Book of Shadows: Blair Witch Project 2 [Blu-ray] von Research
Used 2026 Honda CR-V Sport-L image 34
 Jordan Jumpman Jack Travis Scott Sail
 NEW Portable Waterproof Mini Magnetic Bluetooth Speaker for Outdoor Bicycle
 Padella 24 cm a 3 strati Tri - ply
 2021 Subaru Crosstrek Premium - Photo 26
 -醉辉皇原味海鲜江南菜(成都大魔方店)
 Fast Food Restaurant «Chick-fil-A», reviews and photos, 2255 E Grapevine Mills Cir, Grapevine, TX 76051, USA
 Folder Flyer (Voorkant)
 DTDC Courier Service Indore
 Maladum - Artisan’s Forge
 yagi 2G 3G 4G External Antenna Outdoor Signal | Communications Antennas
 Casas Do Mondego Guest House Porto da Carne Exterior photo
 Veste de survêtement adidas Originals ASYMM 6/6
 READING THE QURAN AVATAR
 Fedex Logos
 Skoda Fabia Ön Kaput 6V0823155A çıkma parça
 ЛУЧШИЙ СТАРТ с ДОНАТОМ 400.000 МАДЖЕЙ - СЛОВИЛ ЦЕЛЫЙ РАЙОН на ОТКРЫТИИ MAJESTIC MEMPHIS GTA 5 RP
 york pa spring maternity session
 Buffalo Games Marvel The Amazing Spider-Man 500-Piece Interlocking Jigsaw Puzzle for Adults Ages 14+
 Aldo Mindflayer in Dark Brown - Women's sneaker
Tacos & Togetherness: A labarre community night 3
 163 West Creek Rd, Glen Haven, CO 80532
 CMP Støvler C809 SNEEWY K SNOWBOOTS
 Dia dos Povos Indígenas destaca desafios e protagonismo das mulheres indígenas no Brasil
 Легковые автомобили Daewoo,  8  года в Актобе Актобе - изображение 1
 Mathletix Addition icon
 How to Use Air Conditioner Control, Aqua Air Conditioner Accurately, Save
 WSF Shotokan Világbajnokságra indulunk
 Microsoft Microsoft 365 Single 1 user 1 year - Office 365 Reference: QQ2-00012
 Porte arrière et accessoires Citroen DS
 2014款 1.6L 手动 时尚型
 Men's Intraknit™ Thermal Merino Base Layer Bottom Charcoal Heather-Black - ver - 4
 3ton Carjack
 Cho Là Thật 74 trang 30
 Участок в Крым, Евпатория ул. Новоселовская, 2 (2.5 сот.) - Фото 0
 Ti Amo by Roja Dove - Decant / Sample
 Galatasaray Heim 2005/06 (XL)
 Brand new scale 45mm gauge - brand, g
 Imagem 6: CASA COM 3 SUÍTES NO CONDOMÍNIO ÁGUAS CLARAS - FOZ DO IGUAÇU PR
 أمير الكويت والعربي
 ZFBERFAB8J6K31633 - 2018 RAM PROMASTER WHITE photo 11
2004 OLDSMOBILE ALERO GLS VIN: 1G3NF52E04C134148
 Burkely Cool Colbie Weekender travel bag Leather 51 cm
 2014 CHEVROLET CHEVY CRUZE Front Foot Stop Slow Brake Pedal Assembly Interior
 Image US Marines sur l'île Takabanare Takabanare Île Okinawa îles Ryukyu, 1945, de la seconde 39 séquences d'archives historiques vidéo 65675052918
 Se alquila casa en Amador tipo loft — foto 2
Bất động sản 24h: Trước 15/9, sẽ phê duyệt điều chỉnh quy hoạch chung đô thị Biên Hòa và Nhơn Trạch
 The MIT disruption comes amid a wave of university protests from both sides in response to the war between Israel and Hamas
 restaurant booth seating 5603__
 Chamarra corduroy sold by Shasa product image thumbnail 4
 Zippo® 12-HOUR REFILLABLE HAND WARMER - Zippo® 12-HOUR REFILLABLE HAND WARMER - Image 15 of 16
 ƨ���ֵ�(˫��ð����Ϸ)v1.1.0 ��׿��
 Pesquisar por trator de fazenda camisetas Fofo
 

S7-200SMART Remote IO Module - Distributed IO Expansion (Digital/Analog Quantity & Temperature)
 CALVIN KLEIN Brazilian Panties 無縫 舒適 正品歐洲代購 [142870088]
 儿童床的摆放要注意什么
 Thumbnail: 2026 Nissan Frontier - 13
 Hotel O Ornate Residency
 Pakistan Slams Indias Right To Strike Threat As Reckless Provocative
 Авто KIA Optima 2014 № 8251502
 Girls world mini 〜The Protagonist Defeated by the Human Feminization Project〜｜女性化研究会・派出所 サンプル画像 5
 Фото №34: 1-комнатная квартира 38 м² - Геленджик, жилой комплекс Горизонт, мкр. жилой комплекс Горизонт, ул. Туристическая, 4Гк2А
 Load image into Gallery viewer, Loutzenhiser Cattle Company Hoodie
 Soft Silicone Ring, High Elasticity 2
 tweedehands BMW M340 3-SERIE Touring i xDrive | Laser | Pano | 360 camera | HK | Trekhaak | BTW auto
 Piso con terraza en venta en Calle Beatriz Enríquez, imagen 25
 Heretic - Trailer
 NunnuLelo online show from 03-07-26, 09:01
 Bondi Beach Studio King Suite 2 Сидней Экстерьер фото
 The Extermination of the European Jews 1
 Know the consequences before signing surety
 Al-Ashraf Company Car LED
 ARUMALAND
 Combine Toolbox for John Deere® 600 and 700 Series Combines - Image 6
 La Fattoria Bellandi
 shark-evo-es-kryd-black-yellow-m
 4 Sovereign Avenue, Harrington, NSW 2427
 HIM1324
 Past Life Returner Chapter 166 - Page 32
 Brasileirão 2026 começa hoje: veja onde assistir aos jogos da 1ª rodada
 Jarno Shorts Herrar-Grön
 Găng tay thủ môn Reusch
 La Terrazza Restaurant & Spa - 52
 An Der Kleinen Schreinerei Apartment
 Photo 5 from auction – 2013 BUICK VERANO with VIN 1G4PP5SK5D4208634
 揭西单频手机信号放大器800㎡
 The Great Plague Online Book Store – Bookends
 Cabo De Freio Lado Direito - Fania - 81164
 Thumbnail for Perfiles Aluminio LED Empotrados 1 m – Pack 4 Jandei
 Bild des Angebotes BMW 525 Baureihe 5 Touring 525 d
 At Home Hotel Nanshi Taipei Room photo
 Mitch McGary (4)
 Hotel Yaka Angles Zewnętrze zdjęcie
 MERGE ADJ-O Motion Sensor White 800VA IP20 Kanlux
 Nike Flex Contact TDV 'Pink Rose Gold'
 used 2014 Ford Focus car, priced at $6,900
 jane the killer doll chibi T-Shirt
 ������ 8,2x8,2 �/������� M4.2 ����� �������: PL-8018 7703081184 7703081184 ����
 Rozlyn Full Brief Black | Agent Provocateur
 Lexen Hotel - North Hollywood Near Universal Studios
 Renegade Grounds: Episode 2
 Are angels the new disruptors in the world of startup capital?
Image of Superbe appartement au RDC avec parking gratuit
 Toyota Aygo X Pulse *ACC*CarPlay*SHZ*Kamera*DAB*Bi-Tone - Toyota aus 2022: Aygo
.....
# EXERCISE INSTRUCTIONS
The reply should consist solely of the lines of the data, exact, from the opening line through the line with "Maladum - Artisan’s Forge", inclusive.

# YOUR SOLUTION
Book of Shadows: Blair Witch Project 2 [Blu-ray] von Research
Used 2026 Honda CR-V Sport-L image 34
 Jordan Jumpman Jack Travis Scott Sail
 NEW Portable Waterproof Mini Magnetic Bluetooth Speaker for Outdoor Bicycle
 Padella 24 cm a 3 strati Tri - ply
 2021 Subaru Crosstrek Premium - Photo 26
 -醉辉皇原味海鲜江南菜(成都大魔方店)
 Fast Food Restaurant «Chick-fil-A», reviews and photos, 2255 E Grapevine Mills Cir, Grapevine, TX 76051, USA
 Folder Flyer (Voorkant)
 DTDC Courier Service Indore
 Maladum - Artisan’s Forge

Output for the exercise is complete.